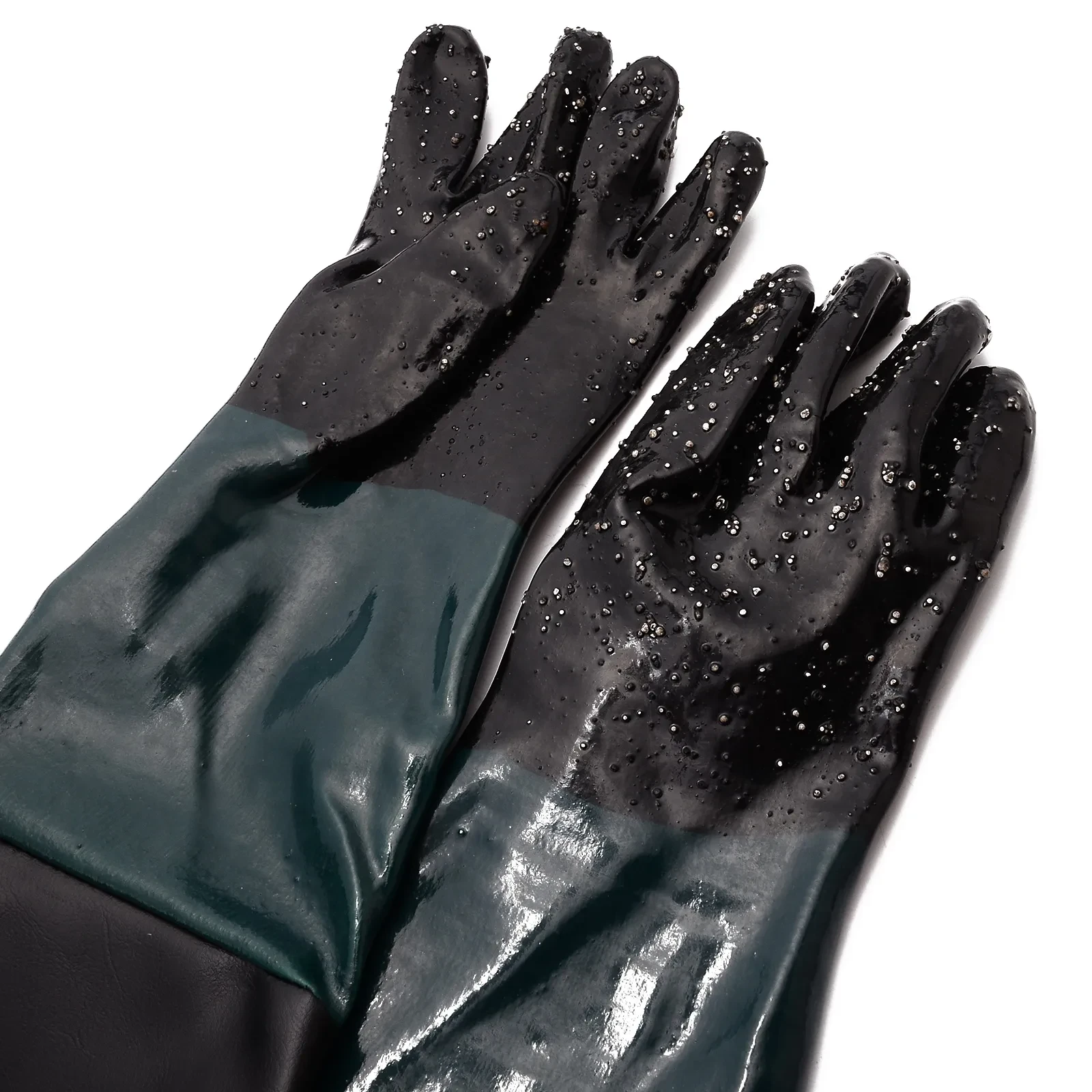 60cm PVC Sandblasting Machine Special Gloves For Non-sli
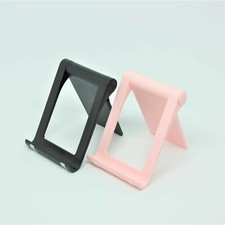 Phone and Tablet Stand Curved Elegant Folding Folds Flat - Black Pink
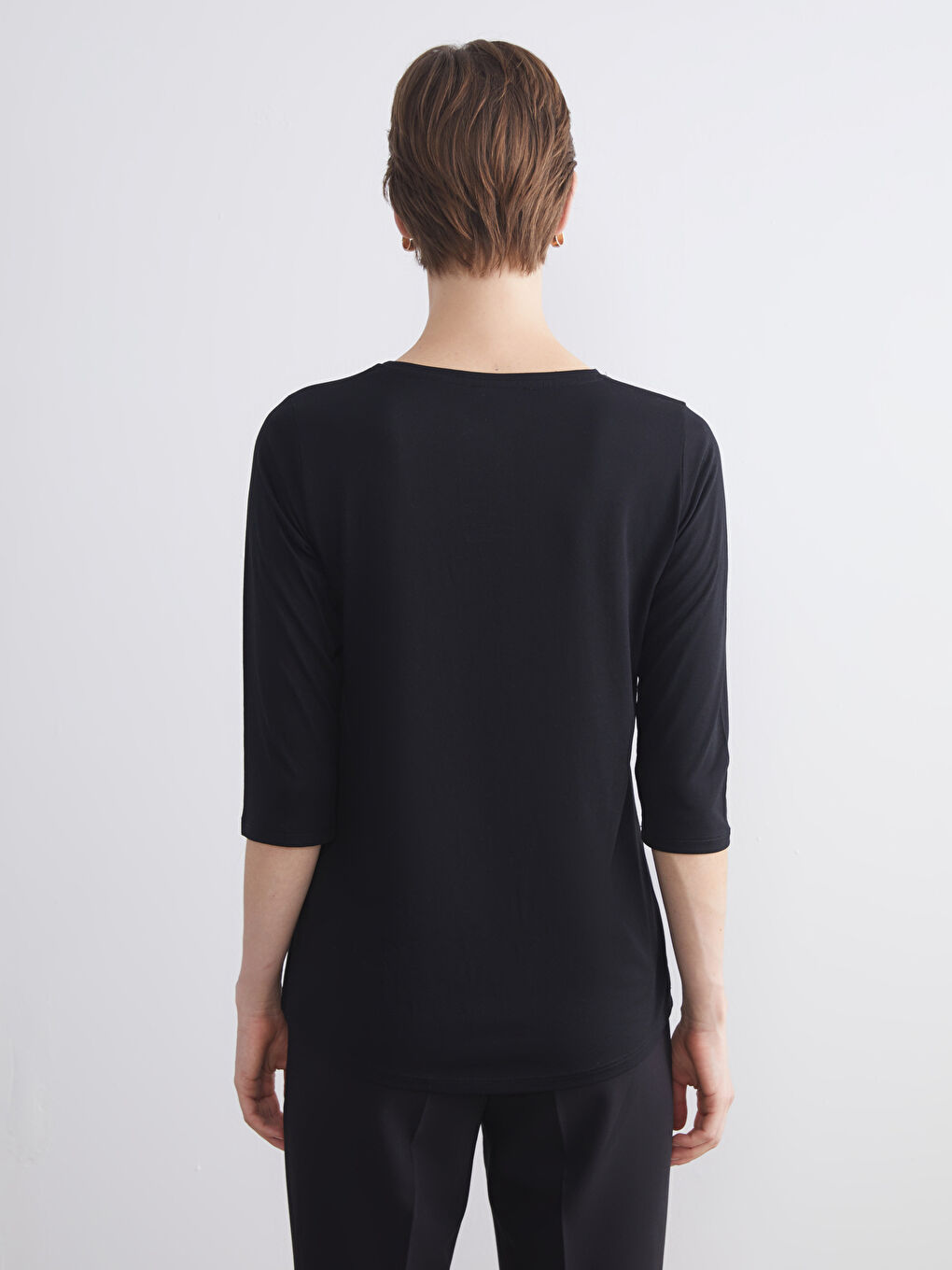 Crew Neck Beaded Embellished Women's T-Shirt-3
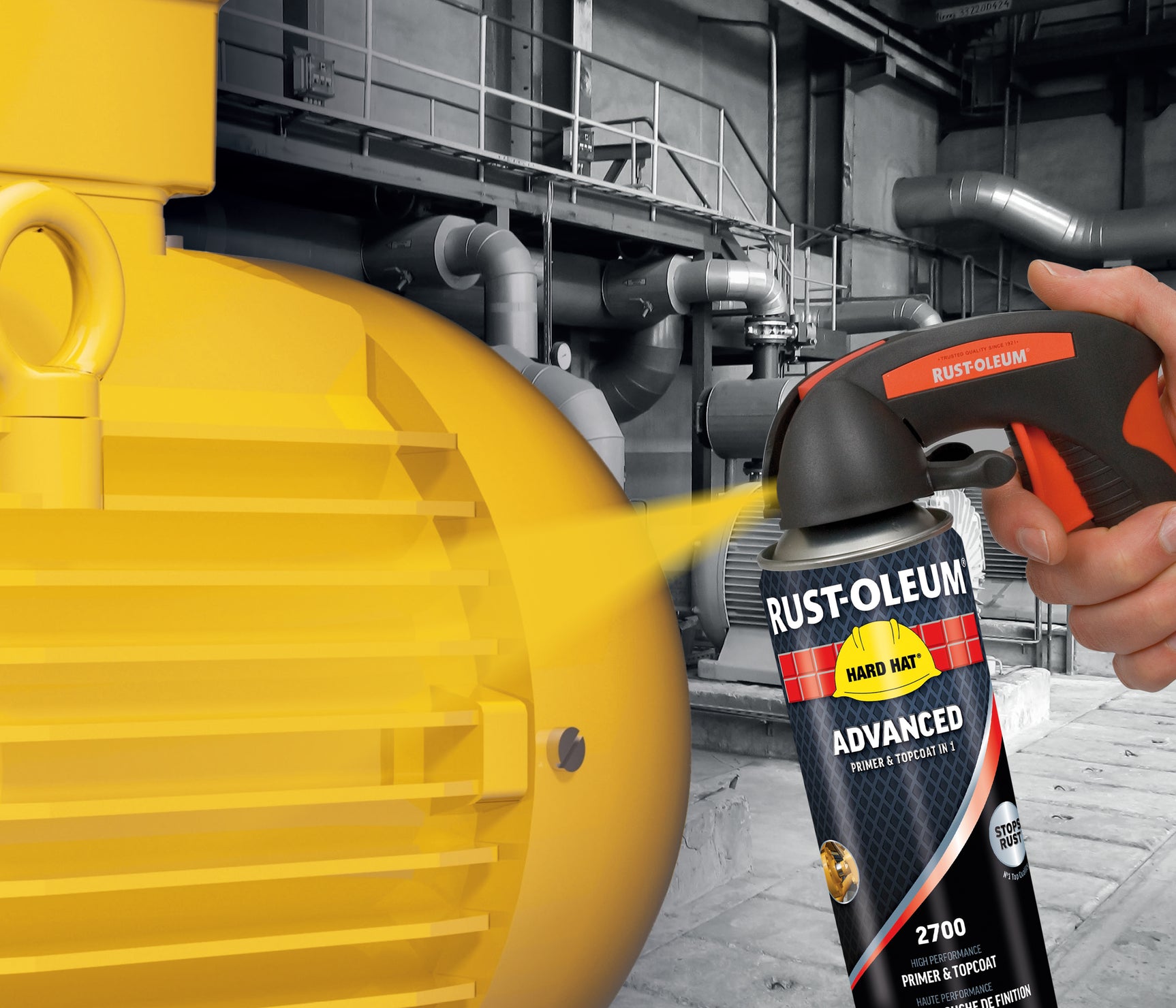 Rust Oleum Comfort spray grip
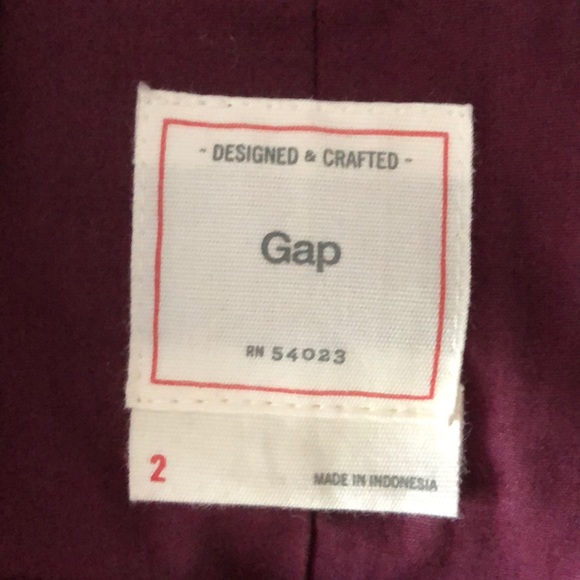 Gap print print zip up jacket size 2 - Picture 5 of 6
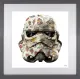 Old-School - White Background - Regular Size - Grey Framed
┄┄┄┄┄┄
What to produce - Your copy should hold exactly the lines from the one with "Rust Oleum Comfort spray grip" through the end of the records, both included, and no pictures.

Task response -
 Rust Oleum Comfort spray grip
 Gap print print zip up jacket size 2 - Picture 5 of 6
 Old-School - White Background - Regular Size - Grey Framed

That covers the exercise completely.